Wandern auf dem Mare e Monti
Schneebedeckte Gipfel auf der einen Seite, tiefblaue Meeresbuchten auf der anderen, das Plätschern von Schmelzwasserbächen im Ohr und den Duft von Ginster und Wacholder in der Nase: Eine Wanderung im Nordwesten Korsikas, auf dem Mare e Monti, ist ein wahres Fest für die Sinne, wie Erik Van de Perre nach seiner Tour resümiert.
Text/Bilder: Erik Van de Perre
Von Napoleon wurde behauptet, dass er »seine« Insel riechen konnte, lange bevor sie aus dem Meer auftauchte. Wer je den intensiven Duftcocktail der korsischen Macchia eingeatmet hat, wird von der Aussage kaum überrascht sein. Von ihrer schönsten Seite zeigt sich die Macchia im Frühjahr auf dem Mare e Monti. »Bocca a u Corsu« steht auf dem schlichten Holzschild. Auf dem kleinen Pass stellen wir die Rucksäcke ab, rasten und genießen einen letzten Blick auf das große Hirtendorf in der Tiefe: Calenzana. Ein spätbarocker Glockenturm, pastellfarbene Häuser mit roten Ziegeldächern, umgeben von großen Olivenhainen. Der lauwarme Wind trägt Fetzen von Geräuschen aus dem Dorf heran. Glockenläuten, Hundegebell, das Knattern eines Mopeds…Weiterweg schweift der Blick über die Bucht von Calvi, wo eine gelbe Fähre gerade Richtung Festland aufbricht.
Die hohen Gipfel im Inland tragen noch weiße Hauben. Da oben, wo sich im Sommer auf dem legendären GR20 Wanderer aus aller Welt tummeln, herrscht noch der Winter. Hier unten aber explodiert längst das Leben. Stattliche Zistrosen, kräftig leuchtende Ginsterbüsche und unzählige Affodille säumen den Weg. Eine Symphonie aus Pink, Gelb und Weiß. Es duftet nach Myrte und Wacholder, nach Lavendel und Rosmarin. Und nach Honig, Pfeffer und Harz.

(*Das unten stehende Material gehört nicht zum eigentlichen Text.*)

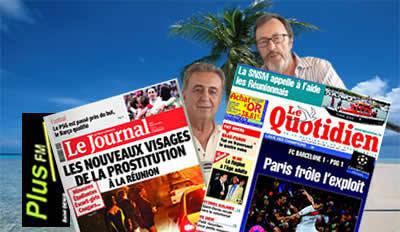 Revue de presse :THALUSSA, le magazine de l'Amer de Serge LACOUR et Bernard COLOMB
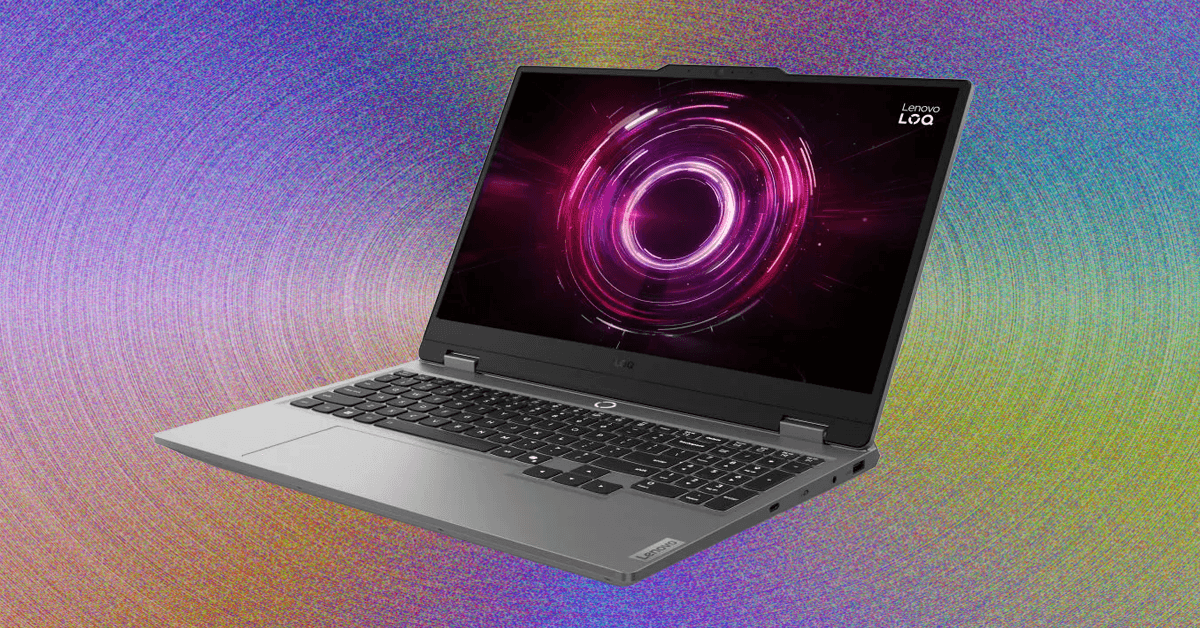 3 Best Cheap Gaming Laptops (2026): WIRED-Tested and Approved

Mitte April ist die schönste Zeit für den Mare e Monti. Dieser wunderbare Fernwanderweg durch den korsischen Naturpark führt im Nordwesten der Insel von Calenzana nach Cargèse, weitgehend über uralte Bergpfade, auf denen einst die Hirten bei der jährlichen Transhumanz ihre Herden zu den Sommerweiden trieben.
Der Name ist Programm
Mare e Monti bedeutet »Meer und Berge«. Der Name ist Programm, denn der 128 Kilometer lange Weg pendelt im wahrsten Sinne zwischen den hohen Gipfeln im Inland und türkisfarbenen Buchten. Was unseren Kids Kimberli (12) und Maikel (14) besonders gefällt, ist die ständige Nähe zum Wasser: Wo der Weg an der Küste entlangführt, lockt ein Bad im Meer, in den Bergtälern laden immer wieder schöne Gumpen zum Planschen ein. Hinzu kommt die landschaftliche Vielfalt. Während die erste Etappe zumeist auf breiten Forstwegen durch die Macchia führt, überwinden wir am zweiten Tag, im Schatten ausgedehnter Nadelwälder, einen 1.200 Meter hohen Pass und folgen am Tag darauf einem engen Flusstal.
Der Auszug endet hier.